19 Dealing with each of these matters in turn, there is no doubt that in this case there has been a substantial delay. The matter was commenced in 1999 and it should, pursuant to the orders of Registrar S Boyle made 12 February 2002, have been entered for trial by 4 July 2002. In other words, it should have been entered for trial five years ago. That is a lengthy delay and weighs against the plaintiffs.

20 There is really no explanation for the delay in progressing this matter. It is never easy for a litigant in person dealing with complex legal matters to wade through the sometimes arcane procedures required to have a matter listed for hearing. But in this case there were really only two steps that the plaintiffs had to take. They had to obtain expert evidence - without expert evidence it is difficult to see how they could pursue their claim. As I have said, that step appears not to have been taken and there is no explanation provided as to why it has not been taken. The second necessary step was filing the documents required to have the matter listed for hearing. Because of the order dispensing with pleadings, the documents which had to be filed were relatively simple and straightforward. It is true that the Court appears to have compounded any difficulty experienced by the plaintiffs by requiring the pleadings to be included in the Papers for the Judge. Even allowing for this complication, there is no explanation as to why the necessary papers could not have been filed in 2002, let alone in the years since.

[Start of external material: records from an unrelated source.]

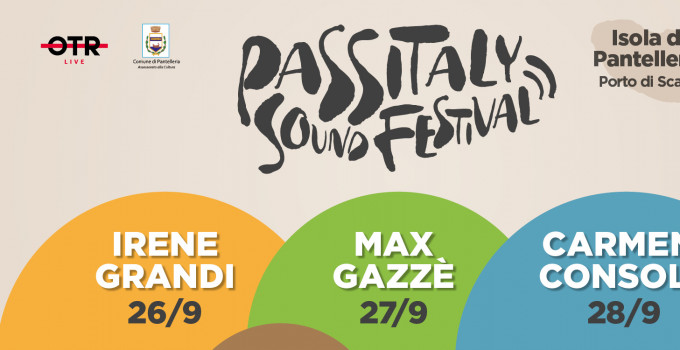 Passitaly Sound Festival  Isola di Pantelleria  Irene Grandi, Max Gazzè e Carmen Consoli  26 - 27 - 28 settembre 2019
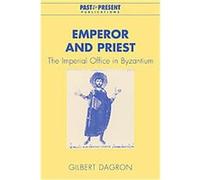 Emperor and Priest, Past and Present Publications Gilbert Dagron (Auteur)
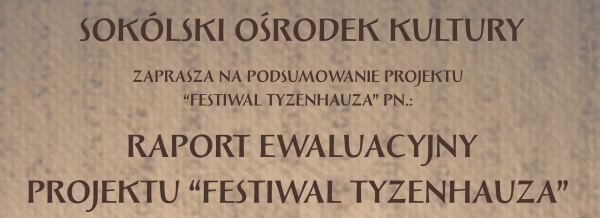 Zaproszenie na spotkanie podsumowujące &quot;Festiwal Tyzenhauza&quot;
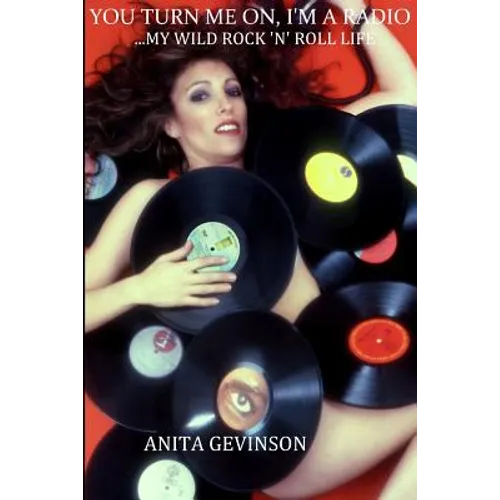 You Turn Me On, I'm A Radio...My Wild Rock 'N' Roll Life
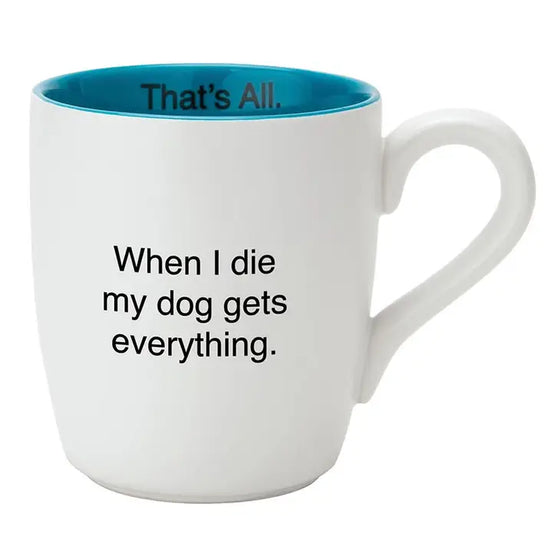 That's All Mug - My Dog Gets Everything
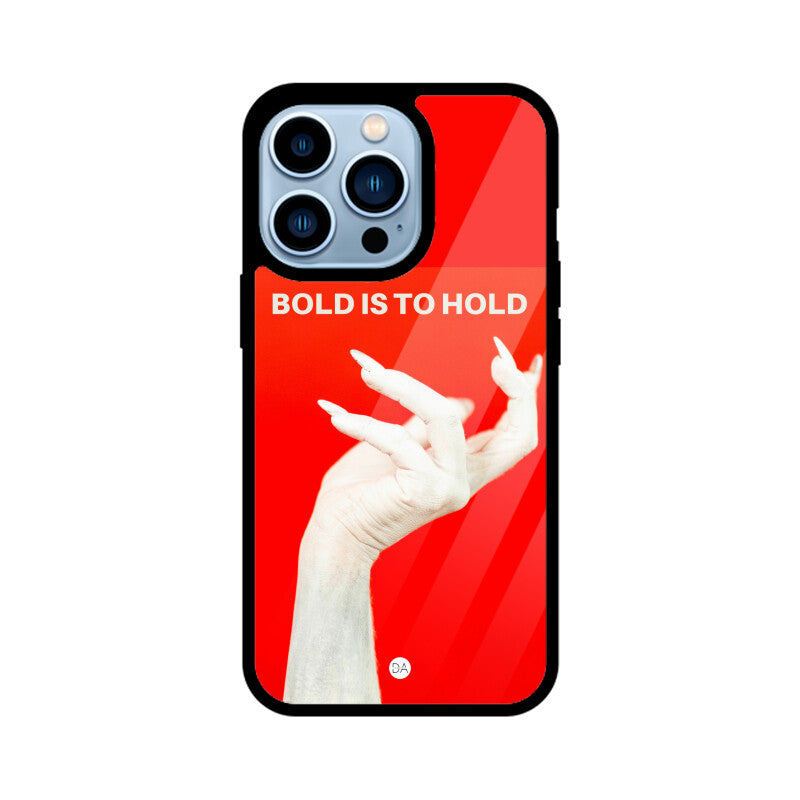 Bold Is To Hold Design Case Cover For iPhone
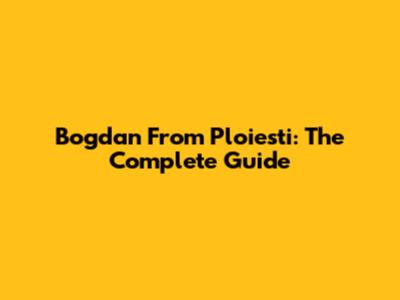 Bogdan From Ploiesti: The Complete Guide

21 There is no doubt that if this action is dismissed for want of prosecution, the plaintiffs face hardship. It would seem that their claim would be statute-barred. (There may be some doubt about this given the way this action has proceeded, but for the purposes of this application, I think it is proper to assume that the time bar would apply.) It is always a hardship to a plaintiff to be denied their day in court.

(Page 8)



22 There is no specific prejudice that the defendant will suffer if this action is allowed to proceed. Of course, whenever there is a delay in pursuing an action, a defendant suffers general prejudice. But this is a case which is about a valuation and it is clear that the defendant has obtained its expert evidence. There is no question of the memory of witnesses being impaired or relevant documents being misplaced. So, while I would accept that the defendant would suffer prejudice in a general sense, there is no specific prejudice to which the defendant can point. There is nothing in the conduct of the litigation by the defendant which could be said to have prejudiced the position of the plaintiffs.

23 On balance, I am satisfied that this matter ought not be struck out. On the one hand, favouring the defendant is the length of the delay and the lack of any real explanation for the delay. Favouring the plaintiffs is the fact of the hardship if this action is struck out, and the fact that the defendant will not suffer any actual prejudice if the action is allowed to proceed. In the balancing exercise, in my view, the interests of justice marginally favour the plaintiffs.

24 But the matter cannot be allowed to drift indefinitely. If the plaintiffs are to proceed, they ought proceed expeditiously. In my view, the best course is to refer the matter back to a Registrar to allow him or her to make further programming orders. The plaintiffs must be aware that if those programming orders are not complied with, then there is a real prospect of this action being struck out. The plaintiffs would do well to regard the indulgence granted to them as their last chance.

25 The plaintiffs should now approach the Case Management Registrar to have the matter re-listed for directions. Costs will be reserved.